Last week Federal Reserve Chairman Ben Bernanke delivered what may well be
his last Congressional testimony before leaving the Federal Reserve in 2014.
Unfortunately, his farewell performance was full of contradictory comments
about the state of the economy and the effects of Fed policies on the market.
One thing Bernanke inadvertently made clear was that the needs of Wall Street
trump Main street, the economy, and sound money.
Quantitative easing (QE) and effectively zero interest rates have created
paper prosperity, but now the Fed must continuously assure Wall Street that
the QE spigot will not be turned off. Otherwise even the illusion of recovery
will disappear. So Bernanke made every effort to emphasize that the economy
was not doing well enough to end QE, while lauding the success of Fed policies
in improving the economy.
Bernanke was also intent on denying that Fed policies directly boost financial
markets. However, the money the Fed creates out of nothing in order to buy
mortgage-backed securities and government debt for the QE3 program, benefits
first and foremost the big banks and the financial class -- those people who
are invited to the Fed auctions. This new money then fuels stock bubbles,
bond bubbles, agricultural land bubbles, and others. The consequences of this
are felt by ordinary savers, investors, and retirees whose savings lose value
because of the Fed's zero interest rate policy.

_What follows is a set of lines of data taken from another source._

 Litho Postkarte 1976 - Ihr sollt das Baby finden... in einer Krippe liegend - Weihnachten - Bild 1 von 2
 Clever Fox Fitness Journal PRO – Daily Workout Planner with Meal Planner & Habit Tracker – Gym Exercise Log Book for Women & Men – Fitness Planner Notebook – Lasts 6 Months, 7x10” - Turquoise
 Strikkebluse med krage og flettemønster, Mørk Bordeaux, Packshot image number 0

As if Wall Street favoritism and zero returns for savers isn't bad enough,
the Fed wants the rest of America to bear a greater inflation burden. The
Fed thinks you should lose two percent of the value of your dollar this year.
But Bernanke is not satisfied with having reduced purchasing power by ten
percent since the 2008 recession. The inflation picture is actually much worse
if we look at the old consumer price index -- the one that did not assume
that ground beef is a perfect substitute for steak.

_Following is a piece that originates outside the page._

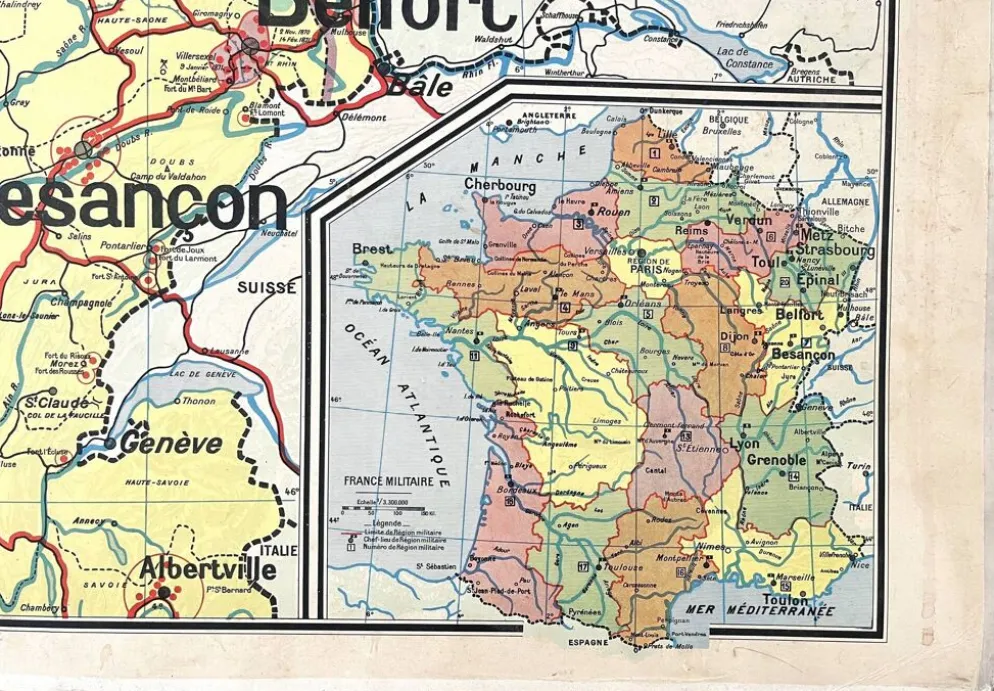 Ancienne carte scolaire Vidal-Lablache 10, T26, 1930 - Divisions militaires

Using the old CPI metric, as calculated by John Williams at Shadow Government
Statistics, we've lost close to 50 percent of the purchasing power of our
money in just the last five years. So what you were able to buy with the $20
in your pocket before the financial crisis costs more than $30 today. That
might be peanuts to Wall Street, but that's real money for working Americans.

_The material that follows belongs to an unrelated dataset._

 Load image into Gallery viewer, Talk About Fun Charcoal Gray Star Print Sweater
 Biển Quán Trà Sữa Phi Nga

And it's theft by the Fed. It is a direct consequence of the trillions of
new dollars the Fed has "not literally" printed -- as Bernanke put it.
Bernanke's final testimony before Congress confirms that the Fed has blatant
disregard for the extra costs and the new bubbles it is creating. The Fed
only understands paper prosperity, not how middle class Americans and the
poor suffer the consequences of higher prices, resources misallocations, and
distortionary bubbles as well as insidious unemployment.
The only way out of this tailspin of monetary favoritism is to restore sound
money, which would end the Fed's ability to manipulate currency and put Wall
Street first. The Fed has proven over and over again that it has no respect
for the real money that preserves the value of people's labor, their wealth,
and their ability to live free and prosperous lives. It is beyond time for
the Fed, Wall Street, and the federal government to stop manipulating money
and stealing from the American people under the false guise of paper prosperity.